The Royal Family is ludicrous and so stripped of whatever ‘majesty’ monarchy once held that its constant promotion by the British media is like being hectored by a bloke trying to shift knock-off Rolexes in a pub car-park — the watch looks shit, the brand is old-fashioned, and the bloke sounds delusional.
It was inevitable that Prince Andrew, bored of pretending to even be remotely contrite, would attempt to sidle back into public life. It was also inevitable that parts of the British media would seek to aid him. None of that will stop once Prince Philip is in the ground. Andrew will continue to duck justice while begging for all the baubles and trinkets to which he believes he is entitled.

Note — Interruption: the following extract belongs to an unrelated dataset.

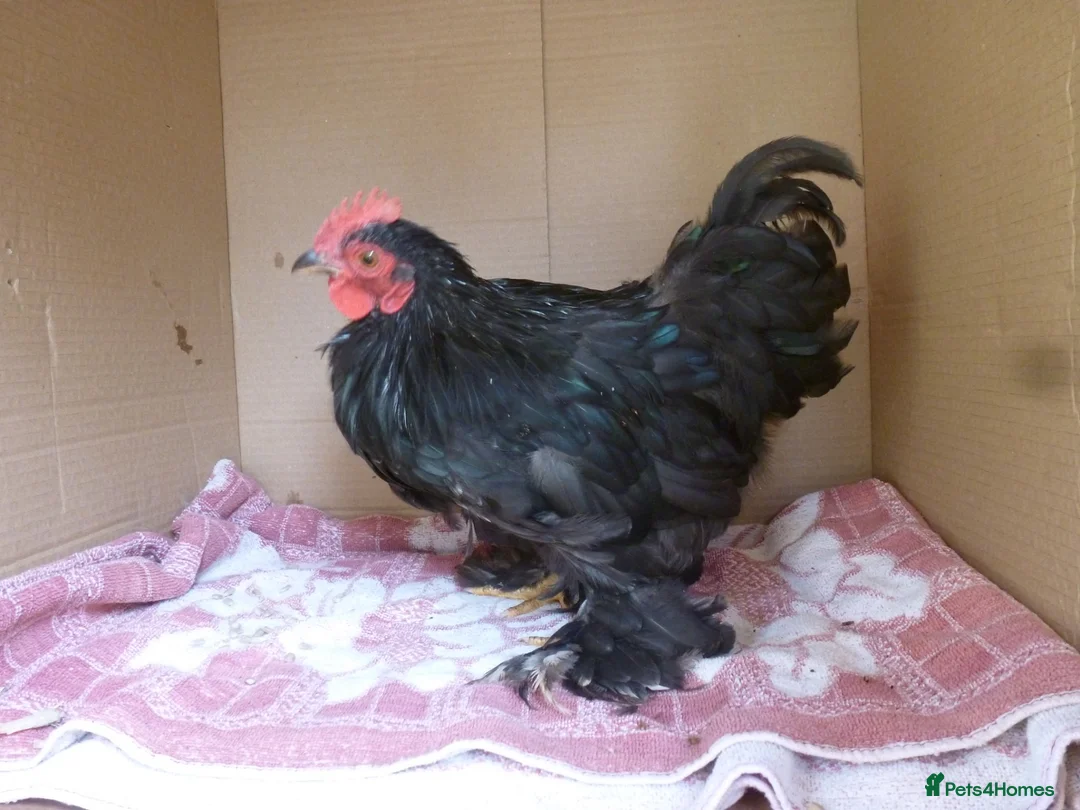Chickens poultry for sale: Pekin Bantam Cockerels - Advert 2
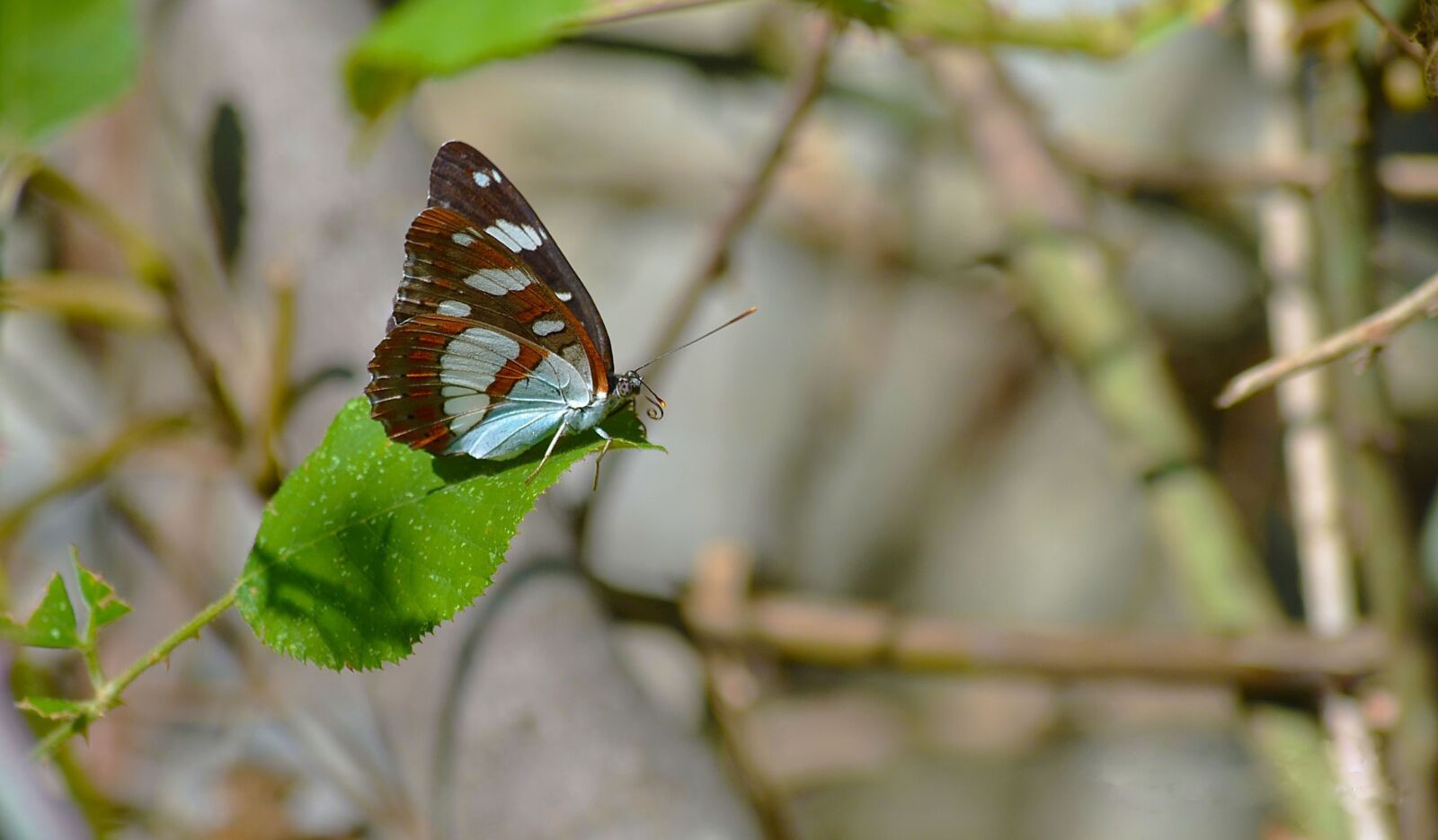 Nikon D5100 sample photo. πεταλύδα, nature, colorful photography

After the funeral, we’ll be ‘treated’ to even more guff about the next generation of the monarchy and its renewal. Alongside stories ‘analysing’ every glance and fart of the funeral proceedings, using photos chosen precisely because the facial expressions fit a pre-written narrative, we’ll be told that the ceremony has put the Royal Family back at the heart of the nation and that William will ‘retool’ it for the 21st century. The same old shit we’ve been sold over and over again.
Andrew may not have been allowed to play dress up this times but that admiral’s uniform will appear eventually. He’s going to be prancing around and ducking justice for the rest of his life. And as Prince Philip demonstrated, the good die young but royals hang around for a long time.